“Ask me how many pull-ups I can do,” I said to Austin Baron, a 19-year old competitor on the current season of American Ninja Warrior.
“How many?” he asked.
“Zero.”
This was going to be a problem. I was at Baron’s ninja gym—Vertex Labs Academy, a low-slung warehouse space in a Lorton industrial park—where he’d set up an obstacle course, a baby version of the ones on the show. There would be jumping and hanging and swinging and leaping. I wasn’t sure I could do any of it at all.
On American Ninja Warrior, participants race Tarzan-like between obstacles, swinging from ropes and traversing spinning logs and then, if they haven’t already fallen, scaling a 14-foot sloped wall to hit a buzzer at the end. It’s all extraordinarily athletic. I’m a decent runner and I sometimes lift—but at the ninja gym, faced with swinging between three hanging objects, I choked.
On my initial attempt, I grabbed the first object and immediately fell. In order to reach the next one, Baron explained, I needed to use my core and legs to swing my body and launch myself into the air. When I tried that, I touched it but lost my grip. “That’s a really hard grab,” he said to console me. On my third attempt, I made it partway, but then the last object seemed so far away that I couldn’t even fathom reaching it. My arms hurt. My hands felt nearly raw. I was hanging by my fingers, trying to kick my legs. When I leapt, I hit the foam mat on all fours.
“How difficult is this compared to what’s on the show?” I asked.
“Oh, this is probably a bit easier,” Baron said, drastically understating the truth. On American Ninja Warrior, the obstacles require more strength and endurance, and there’s also the pressure: cameras rolling, lights in your face, a pool of water below.

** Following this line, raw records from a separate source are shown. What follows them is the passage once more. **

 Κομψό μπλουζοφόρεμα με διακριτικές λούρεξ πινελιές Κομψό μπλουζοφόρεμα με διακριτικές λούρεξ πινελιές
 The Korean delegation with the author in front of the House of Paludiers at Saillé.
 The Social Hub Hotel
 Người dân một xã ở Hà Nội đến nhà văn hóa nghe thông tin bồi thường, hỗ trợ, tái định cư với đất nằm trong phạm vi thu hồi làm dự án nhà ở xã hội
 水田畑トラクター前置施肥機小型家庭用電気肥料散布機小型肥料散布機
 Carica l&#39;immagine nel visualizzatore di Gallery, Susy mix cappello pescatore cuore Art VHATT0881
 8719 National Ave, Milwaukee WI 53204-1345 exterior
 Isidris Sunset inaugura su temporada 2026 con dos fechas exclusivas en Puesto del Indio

That day, Baron dressed as he does for TV, in black gym shorts, New Balance sneakers, and a navy blue shirt featuring the name and logo of his nonprofit, Knot Perfect, which raises money to feed the hungry. When Baron was ten years old, he attended a meal-packing event in his hometown of Ashburn and learned that a billion people go to bed hungry every night. In response, he watched a YouTube video about how to braid fleece dog toys and started making and selling them to raise money for donated meals. (His nonprofit is called “Knot Perfect,” he explained, “because the world is not a perfect place when people are going to bed hungry, and also because I make my dog toys by tying knots.”)
Around the time he started Knot Perfect, Baron and his family were watching American Ninja Warrior on TV. For his little brother’s birthday, they decided to try out a ninja gym, and Baron took to it immediately. “I just really loved conquering the obstacles,” he told me. Once Baron got good, a friend suggested going on American Ninja Warrior to raise money for Knot Perfect. In his first appearance, on season 15, Baron says he raised enough funds for 40,000 meals. Now, he’s returned for season 17—and this time he’s advanced to the semi-finals, which will air Monday night.

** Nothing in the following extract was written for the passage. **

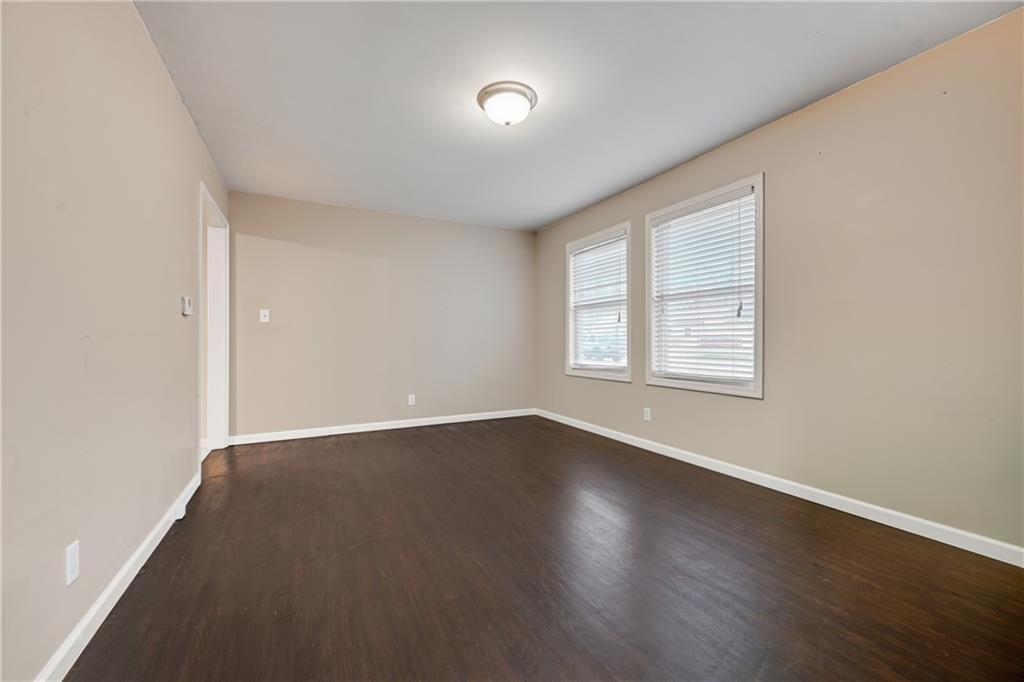 11217 W 69TH Terrace — photo 4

On the course Baron created for me, I could complete a couple of the obstacles (the balance bars, the quad steps), but at the end, he’d set up a series of rings five or six feet apart. There was no way this was going to be possible for me, so I had Baron do it instead. Watching him was remarkable; he’s unassuming in stature, but wiry and quietly muscular. Swinging from the rings, he was so poised and controlled. It looked almost superhuman up close. “It’s fun,” he told me when he hopped off. “It feels like you’re flying for a second.”
Afterwards, Baron told me that his ninja skills help him in all areas of his life, whether he’s fighting hunger or studying business analytics at Notre Dame. “On the show, you’re tackling obstacles,” he explained. “And we all have obstacles in our lives, so the courses are a great way to remind yourself that you can conquer things just by working hard.”